According to the exit polls, the main opposition party Law and Justice has got an absolute majority in the Polish parliamentary elections held on Sunday.
The party headed by former Prime Minister Jaroslaw Kaczynski, has managed to get 39 percent of the votes polled and it has trounced the ruling Civic Platform which has been ruling the country since 2007 by a clear margin of 16 percent.
Prime Minister Ewa Kopacz has conceded the defeat and said,"The voters have punished us for our failures to come up to their standard. But in a democracy defeats and victories are part and parcel of the game. We will play our appropriate role of a main opposition party in the parliament."
Meanwhile, Law and Justice party has already nominated Beata Szydlo as its candidate for the prime minister post. An unknown figure till recently Szydlo was the chief campaign manager of the recently-elected President Andrzej Duda.
She fought a great campaign to come close to the winning post. Fifty-two-year-old Szydlo has come up to the top with her hardwork and dedication to Christian value system and the blessing of her party's leader.
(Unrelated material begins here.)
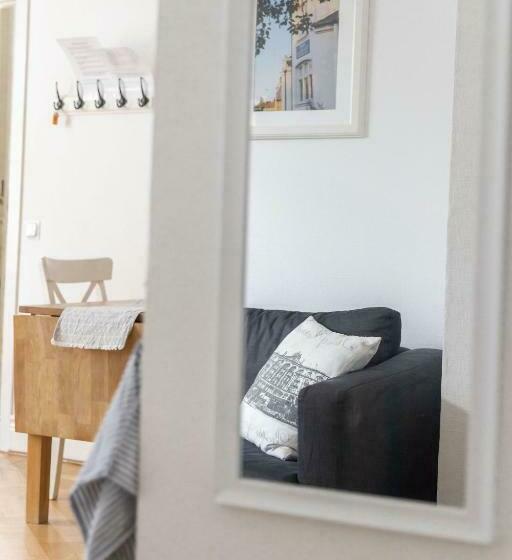 إستوديو قياسى, L Villa Ronne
For the first time in the Polish parliamentary election since 1989 women have dominated the election. Apart from Kopacz and Szydlo, the leftist front which failed to get the required eight percent vote, is headed by another lady, a computer programmer Barbara Nowacka.
It seems unpopular party barons have pushed women forward to capitalise on weariness with a male dominated political culture that has been defined by infighting drinking parties and scandals.
Women with their power, somehow, have gained more sympathy and humility in an atmosphere of otherwise abusive politics of Poland.
If Szydlo becomes the prime minister, she will be the third woman to hold the post.
Hanna Sachocka was the first Polish woman who became the prime minister way back in 1992 but she lasted only for fifteen months.
The present prime minister Kopacz got the top job in August 2014 when Donald Tusk, then prime minister got elected as the president of the European Union.
Apart from two main parties, three other small parties have managed to cross the threshold of five percent to enter the parliament.
The presence of the small parties has an added attraction to join the new government. There has always been a coalition government ever since the fall of communism in 1989.